Sì. Può essere definito un garante della carità, nel senso che garantisce che l'attività caritativa della Chiesa venga svolta in uno stile ecclesiale, perché la carità rientra a pieno titolo nelle dimensioni fondamentali della Chiesa come la predicazione e la liturgia. Questa ecclesialità ha molti risvolti: la collaborazione tra i diversi organismi, lo spirito di fede, l'approccio cristiano ai problemi della gente, la visione cristiana dell'uomo e dello sviluppo, la trasparenza amministrativa, l'attenzione alla scelta e alla formazione del personale, la testimonianza di sobrietà. Si è voluto, in definitiva, dare una forma giuridica, dunque esigibile, alla responsabilità del vescovo. Certo, il vescovo non può fare tutto da solo. Per questo il motu proprio sottolinea anche la responsabilità dei singoli organismi di carità, chiamati a rinnovarsi nello stile proposto dal documento. Ed è un cammino che è già iniziato. A Cor Unum è stata affidata la responsabilità dell'applicazione del documento e dell'erezione canonica degli organismi di carità internazionali. Nella pluralità delle forme giuridiche di tali organismi, la normativa contiene elementi finora per nulla scontati e si è resa necessaria anche per le nuove, grandi domande che si pongono: una su tutti, il finanziamento da terzi.

Quali sono i costi della carità?

Naturalmente ci sono costi amministrativi inevitabili. Ogni organismo ha bisogno, per esempio, di un ufficio, di attrezzature, di personale per poter operare. L'indirizzo generale è molto chiaro: contenere i costi amministrativi il più possibile.

Cosa intende per «il più possibile»?

Evidentemente non si possono stabilire tariffe, né costi standard, perché bisogna tenere sempre conto della collocazione territoriale dell'ufficio, del contesto sociale in cui si deve operare, dei livelli di vita del Paese. Quello che si è voluto stabilire è il principio della sobrietà. E devo dire che gli organismi che rientrano nella nostra sfera eccellono proprio perché i costi amministrativi sono contenuti.

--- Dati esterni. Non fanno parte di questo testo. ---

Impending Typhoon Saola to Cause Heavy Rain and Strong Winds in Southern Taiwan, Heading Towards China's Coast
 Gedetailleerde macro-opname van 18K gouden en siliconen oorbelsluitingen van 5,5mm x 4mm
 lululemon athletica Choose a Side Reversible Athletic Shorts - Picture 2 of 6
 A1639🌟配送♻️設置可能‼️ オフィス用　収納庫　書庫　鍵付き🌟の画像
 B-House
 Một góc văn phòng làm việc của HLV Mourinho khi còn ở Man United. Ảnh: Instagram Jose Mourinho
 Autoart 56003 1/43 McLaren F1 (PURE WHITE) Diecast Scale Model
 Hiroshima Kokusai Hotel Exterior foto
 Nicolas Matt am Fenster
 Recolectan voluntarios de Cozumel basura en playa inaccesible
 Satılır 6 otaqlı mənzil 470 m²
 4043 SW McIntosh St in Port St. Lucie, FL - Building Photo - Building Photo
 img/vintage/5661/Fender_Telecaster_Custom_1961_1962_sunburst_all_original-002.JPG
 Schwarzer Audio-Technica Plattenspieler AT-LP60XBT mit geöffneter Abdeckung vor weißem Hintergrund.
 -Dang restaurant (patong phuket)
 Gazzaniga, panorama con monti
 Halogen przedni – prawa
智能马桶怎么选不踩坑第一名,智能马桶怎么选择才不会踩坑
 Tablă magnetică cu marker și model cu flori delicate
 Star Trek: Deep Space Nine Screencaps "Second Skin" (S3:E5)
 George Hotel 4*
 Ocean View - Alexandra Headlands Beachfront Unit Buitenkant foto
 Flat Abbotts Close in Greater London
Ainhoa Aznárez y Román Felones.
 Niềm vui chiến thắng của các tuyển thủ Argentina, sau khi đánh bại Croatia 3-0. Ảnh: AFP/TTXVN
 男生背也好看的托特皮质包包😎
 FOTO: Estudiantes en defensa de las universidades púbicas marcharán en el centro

Può tradurre questa sobrietà in cifre?

Tendenzialmente i costi amministrativi incidono in una proporzione quantificabile intorno al 10 per cento del budget degli organismi di carità. Ci sono organismi non cattolici, nazionali e internazionali, le cui spese amministrative raggiungono il 40 e anche il 50 per cento. In questo senso io credo che i nostri organismi siano esemplari.

Programmi per il 2013?

Menziono solo due importanti appuntamenti. Innanzitutto la nostra assemblea plenaria, in programma dal 17 al 19 gennaio su un tema di grande rilievo: «L'antropologia cristiana e la nuova etica globale». Una delle grandi sfide di fronte alle quali ci troviamo oggi è costituita da una concezione della persona promossa dagli organismi internazionali che non sempre coincide con il sentire cristiano. Lo ha accennato anche il Pontefice nel suo discorso alla Curia romana del 21 dicembre scorso. Siamo convinti che l'antropologia fondata nella rivelazione cristiana può essere una grande risorsa anche per il mondo moderno. Vogliamo perciò rilanciare la visione cristiana dell'uomo nell'attività di promozione umana. Quando ci impegniamo per lo sviluppo dobbiamo infatti chiederci: quale uomo vogliamo costruire? qual è l'obiettivo del nostro intervento? Domande fondamentali, se vogliamo capire quale potrà essere il nostro contributo dentro la comunità internazionale e per lo sviluppo dei popoli. L'altro grande appuntamento è costituito da un incontro più ristretto che si svolgerà il 4 e 5 marzo e sarà rivolto a studiosi dell'area tedesca che hanno già una certa esperienza in materia, per discutere sulla distinzione tra teologia della carità e dottrina sociale della Chiesa. È un campo abbastanza nuovo da approfondire; anche Benedetto XVI ne ha parlato in due encicliche, la Deus caritas est sul fondamento teologico dell'attività di carità e la Caritas in veritate sulla dottrina sociale. Dunque si tratta di un seminario di studi che procederà sui binari indicati dal Papa per cercare di individuare punti di attiguità e di distinzione tra le due discipline. L'una infatti riguarda direttamente una dimensione fondamentale della Chiesa in quanto tale; l'altra invece è una parola della Chiesa sulla società. Confido che sarà un dibattito fecondo, destinato a contribuire al chiarimento dell'orizzonte della nostra attività caritativa.